5 Ways the Great Resignation Can Boost Your Tech Career

According to the U.S. Bureau of Labor Statistics, we’re in the midst of a “Great Resignation,” with 4.3 million additional people quitting their jobs in August. What’s more, nearly half of the tech employees we surveyed said they were likely to find a new job in 2021.

Can times of labor market turmoil actually benefit technologists’ careers? Yes, if you play your cards right. Here are some ways to come out on top during the “Great Resignation.”

Fill the Vacuum

Resignations are highest among mid-career employees, with many at the VP or director level, noted Timothy Thomas, lead executive coach at Coaching Technology Group.

When a mid-level tech manager leaves, it often has a ripple effect, disrupting positions up and down the chain of command. If you are interested in becoming a manager or team lead, now’s the time to throw your hat in the ring. Alternatively, let your departing boss know that you might be interested in following him to a new company for a higher-level position.

“The key to landing a promotion when positions are being reshuffled is having someone ready to take your place,” Thomas said. 

Manage up by letting the people above you know that you are interested and qualified, and that you’ve got a replacement ready to go. Then seal the deal by helping the person below you manage up, as well.

Maximize Negotiation Power and Leverage

Many technologists and managers have struggled to deliver results consistently at high levels over the last 24 months, noted Ravi Raman, executive coach and owner of Raman Coaching.

If you’ve been able to make an impact by shipping code or developing products on time, or been successful at leading teams while working remotely, your boss may be willing to sweeten the pot to keep you from leaving.

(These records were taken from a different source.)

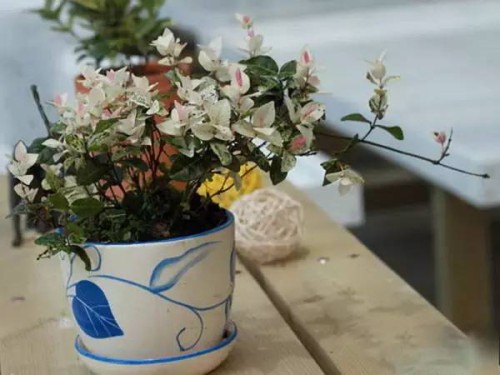 盆栽花叶络石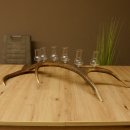 Schnapsanbieter 6 große Gläser Steckglas mit Stiel auf Rothirschstange Geschenk 27.60.2.37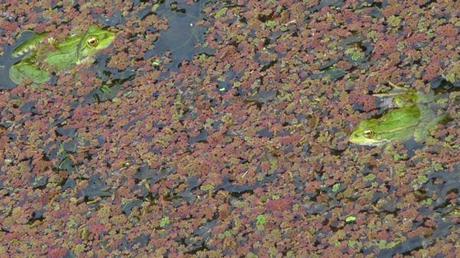 Quelques animaux du marais marais P1370362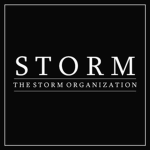The Storm Organization | 2020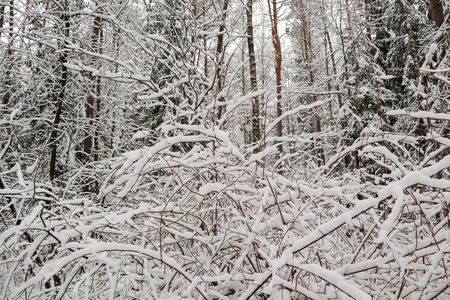 美丽的冬林，有雪树。 许多被白雪覆盖的细枝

Since pay raises and performance reviews often come near the end of the year, now’s the time to reassess your market value. If you find that you’re underpaid, or if your company doled out nominal raises during the lockdown, you’re in a perfect position to ask for a substantial salary increase and/or reimbursements for training, formal education or certification tests.

Consulting firm Willis Towers Watson found that more than two-thirds of employers plan to differentiate and customize their benefit programs over the next two years in response to tight labor markets. For example, Amazon has offered more than 750,000 U.S. workers the opportunity to pursue a fully paid bachelor’s degree.

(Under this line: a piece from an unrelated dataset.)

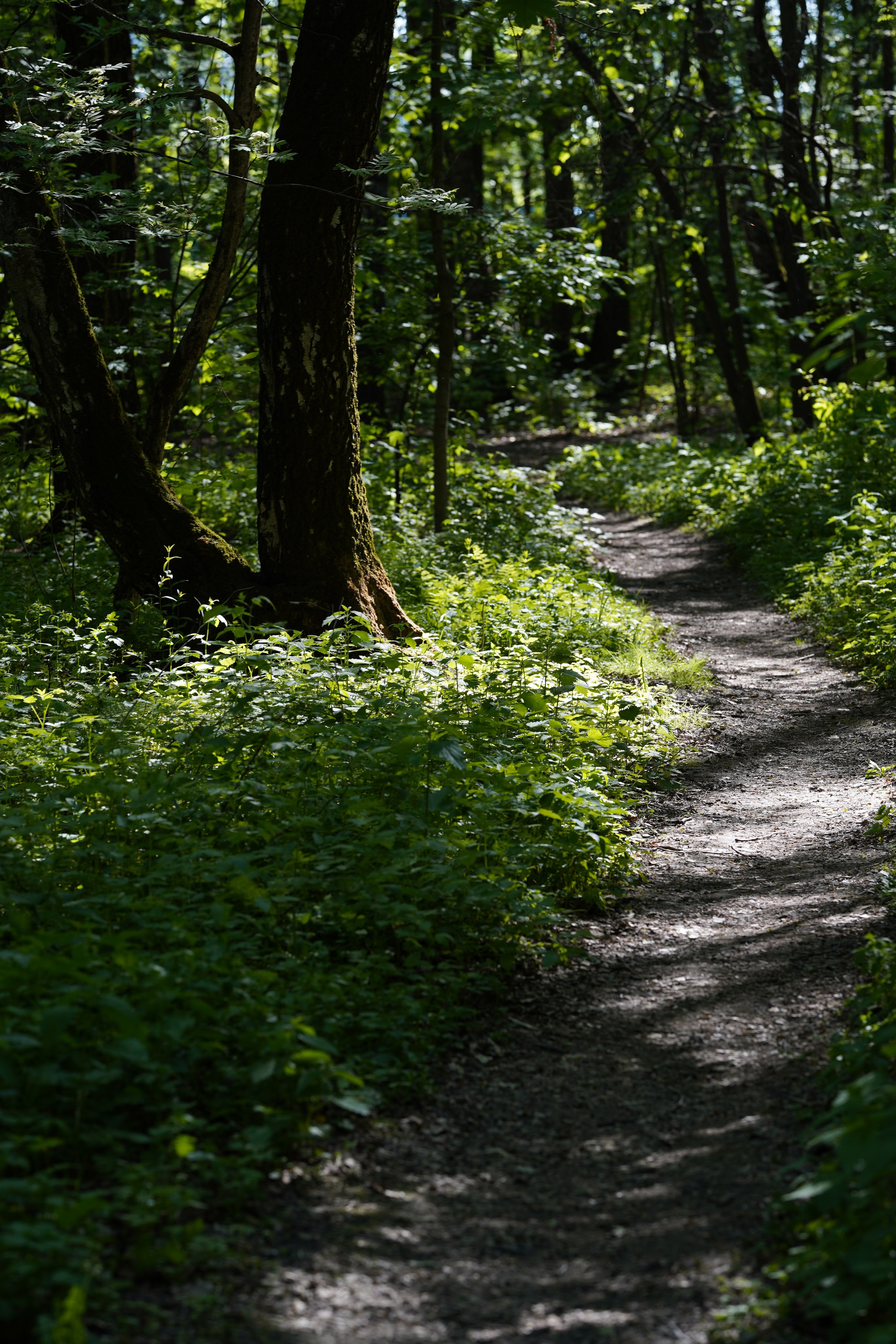 Природа. Фотограф в Москве Мария ~Zagagul~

“Employers are looking for ways to retool existing tech employees in an effort to stay ahead of the organization’s technology needs,” Raman said. In light of that, coming into your manager’s office with a possible solution to those needs (i.e., compensating you adequately to keep you onboard) will likely be viewed a win-win.

Relocate to Improve Your Standard of Living

Now that your employer has settled on a remote-first or hybrid work model, you may be able to relocate to a city with a lower cost of living and improve your quality of life. But here’s the catch: Make sure you disclose your plans. Lock down your salary and how often you need to come into the office before you move.

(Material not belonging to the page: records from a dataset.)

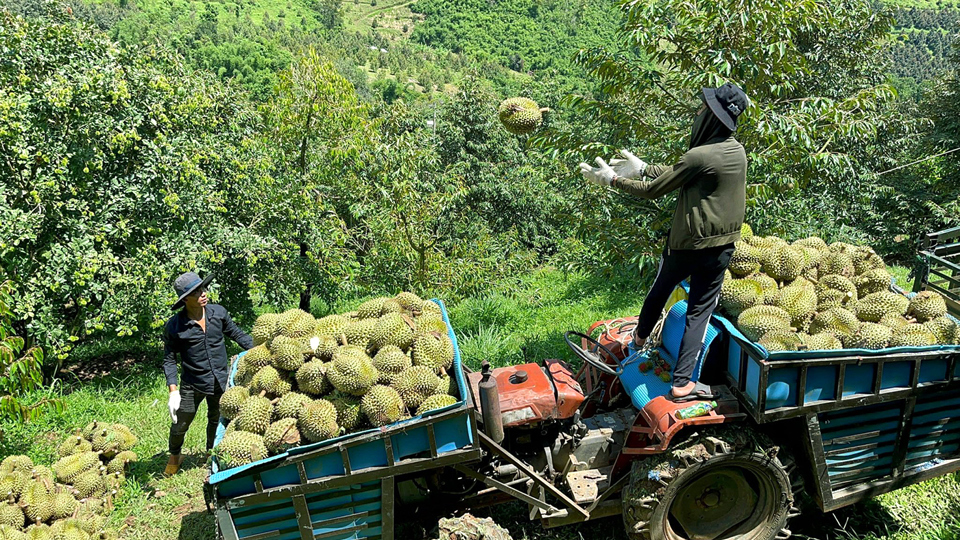 Xây dựng vùng trồng, nông dân miền núi Khánh Hòa bắt cây sầu riêng sinh “vàng”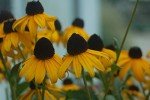 Goldsturm Black Eyed Susan - Yellow Perennial Plant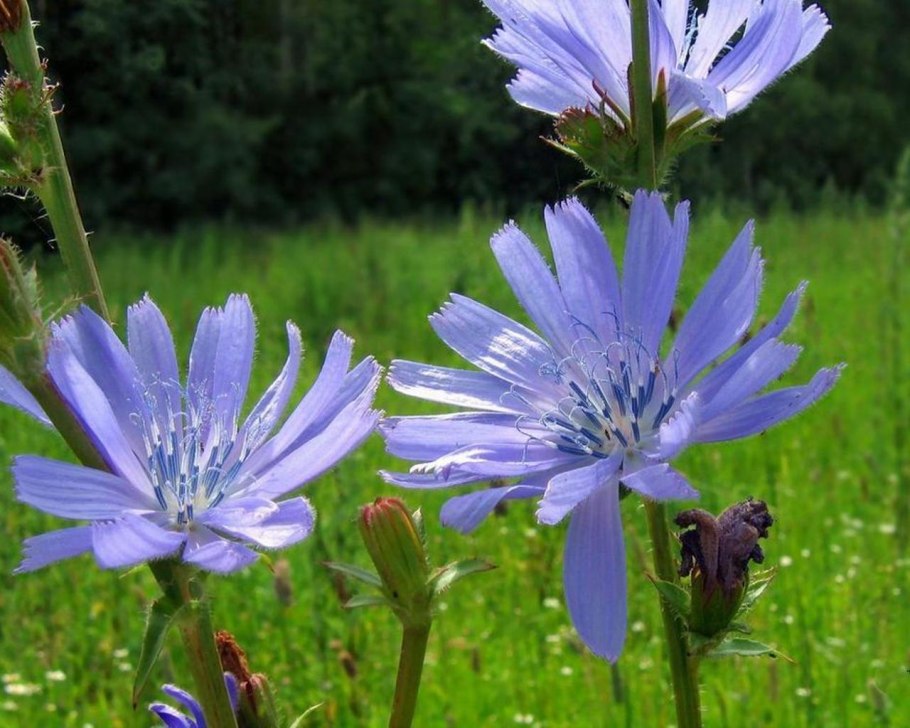 Цикорий Бельгия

Taking a pay cut to telecommute from a cheaper city might be okay, but only if you come out ahead. Also, in most cases, having a remote employee obligates an employer to file tax returns and pay taxes in the local jurisdiction where an employee works. Your employer may not be willing to go to all that trouble for just one or two employees.

Change Specialties

Most employees cite burnout and lack of growth opportunities for quitting. In order for businesses to thrive and retain staff, employers are making an effort to support employees’ career goals by offering reskilling and upskilling opportunities.

Offering to fill a hard-to-source position involving cybersecurity, A.I./machine learning, data science/analytics or DevOps/DevSecOps/Agile not only improves your brain health, morale and negotiating power, it solves a big problem for CIOs and HR.

According to our research, if you can meet 60 percent of the requirements as an internal candidate (or 75 percent as an external candidate) for any job in a high-demand specialty, you can make quite a persuasive case for maintaining or even boosting your salary when you transition to a new role, even if you don’t have all the necessary skills. Why not come up with a step-by-step plan and pitch it to your boss or a prospective employer?

Hit the Market

John Bremen recently called the Great Resignation a bit of a misnomer. Why? Because the vast majority of those who quit one job have simultaneously shifted to a different, more attractive job, thus also prompting “The Great Hire.”

You may find a better opportunity if you test the market—or if you’re willing to take a risk, leverage a competing offer for a raise with your current employer. According to multiple sources, some employers are offering salary raises of up to 25 percent in a bid to hold on to staff who have tendered their resignations. Now seems like the perfect time to roll the dice.